» Work required: Leave every picture out. Set down all the lines below exactly.

» Recorded information:

────

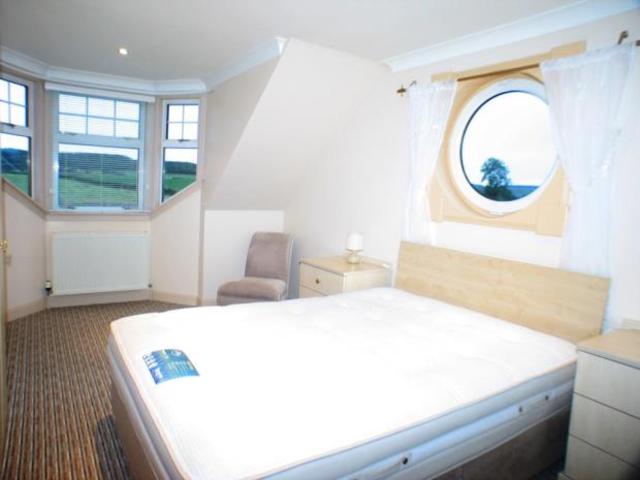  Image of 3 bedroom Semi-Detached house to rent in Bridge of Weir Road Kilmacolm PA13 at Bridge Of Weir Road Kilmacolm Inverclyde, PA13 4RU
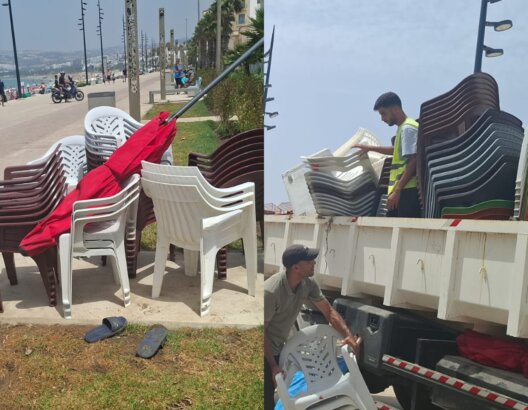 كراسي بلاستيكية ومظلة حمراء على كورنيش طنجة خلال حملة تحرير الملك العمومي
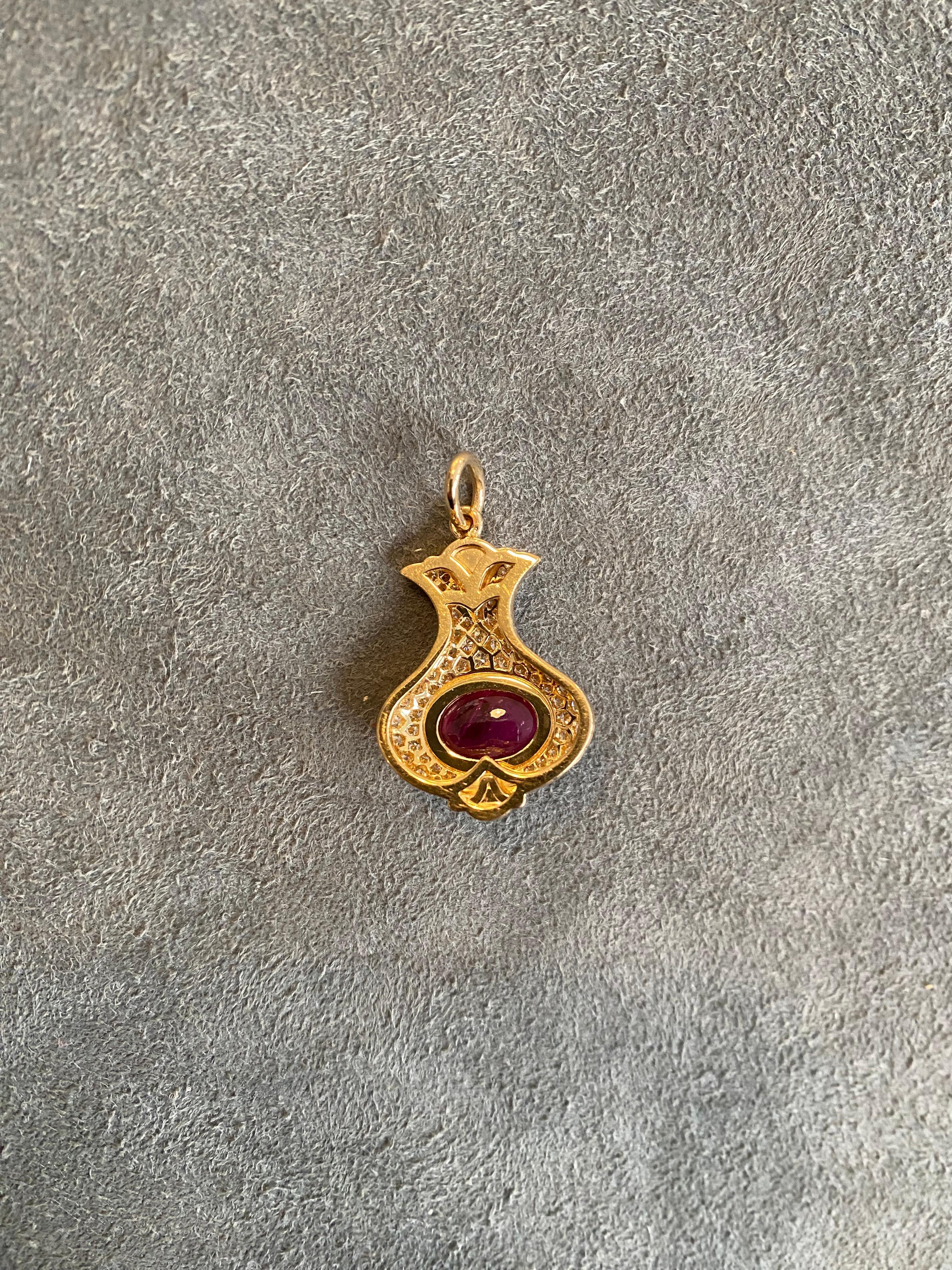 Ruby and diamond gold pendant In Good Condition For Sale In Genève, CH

────

» Answer box:
  Image of 3 bedroom Semi-Detached house to rent in Bridge of Weir Road Kilmacolm PA13 at Bridge Of Weir Road Kilmacolm Inverclyde, PA13 4RU
 كراسي بلاستيكية ومظلة حمراء على كورنيش طنجة خلال حملة تحرير الملك العمومي
 Ruby and diamond gold pendant In Good Condition For Sale In Genève, CH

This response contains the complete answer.